AIML - Senior ML/RL Training Infrastructure Engineer
Description
As a core member of our ML infrastructure team, you will design, build, and scale the systems that enable large-scale reinforcement learning for Apple’s foundation models. You will focus on TPU-based training with JAX, developing robust, high-performance RL pipelines that support distributed actor/learner architectures, efficient experience replay, and large-scale environment execution.
In this role, you will work across the full stack of RL training systems—from low-level performance tuning and compiler optimization to cluster-level orchestration and resource management. You will ensure that training pipelines are efficient, reliable, reproducible, and observable, enabling research teams to iterate quickly and explore more complex RL environments and models.
Your work will directly impact the scalability, throughput, and stability of RL experiments, helping to unlock new capabilities in agentic reasoning, decision-making, and policy learning for Apple’s foundation models. This position is ideal for engineers who enjoy distributed systems, high-performance ML frameworks, and building the infrastructure that makes large-scale RL research possible.
Minimum Qualifications
- PhD or MSc in Computer Science, Computer Engineering or a closely related field.

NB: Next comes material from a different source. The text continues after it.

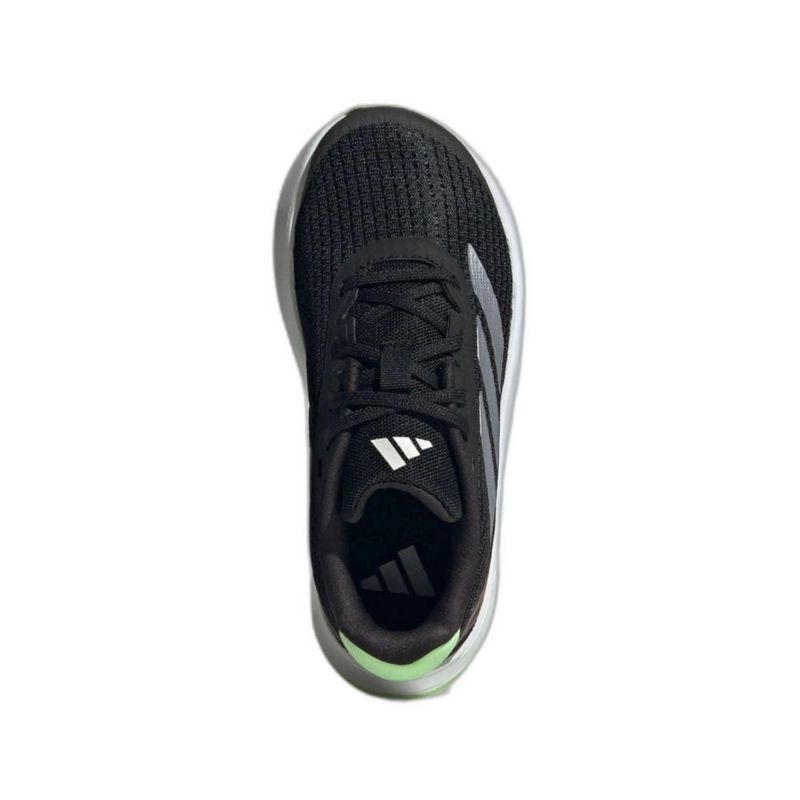 Tenis Adidas Duramo SL K Negro Verde Niño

- Hands-on experience designing, building, or maintaining large-scale ML training infrastructure.
- Strong proficiency with PyTorch or JAX and experience running training workloads on GPUs/TPUs.
- Solid understanding of distributed systems concepts (parallelism strategies, fault tolerance, synchronization).
Preferred Qualifications
- Practical experience developing or optimizing training loops, RL pipelines, or large-scale model-training frameworks.
- Strong software engineering skills in Python, with emphasis on reliability, debuggability, and high-performance execution.
- Deep experience with PyTorch/JAX internals, XLA, debugging and performance profiling on GPU/TPU architectures.
- Expertise in distributed RL training patterns, including actor/learner architectures, experience replay, and parallel environment execution.
- Experience building training services, orchestration tools, or automated pipelines for large-scale experiments.
- Proven success diagnosing bottlenecks in large-scale ML jobs (I/O, input pipelines, kernel performance, memory, compilation).
- Familiarity with RL-specific infrastructure requirements (e.g., actor/learner architectures, experience replay systems, large-scale environment execution).
- Strong software engineering practices: code quality, design reviews, testing, observability, CI/CD.
- Experience working with cloud-scale clusters or specialized accelerators (TPU v5/v6, GPU, custom hardware)
- Contributions to ML frameworks, distributed training libraries, or high-performance computing systems.
- Excellent communication and collaboration skills for working with research and engineering partners.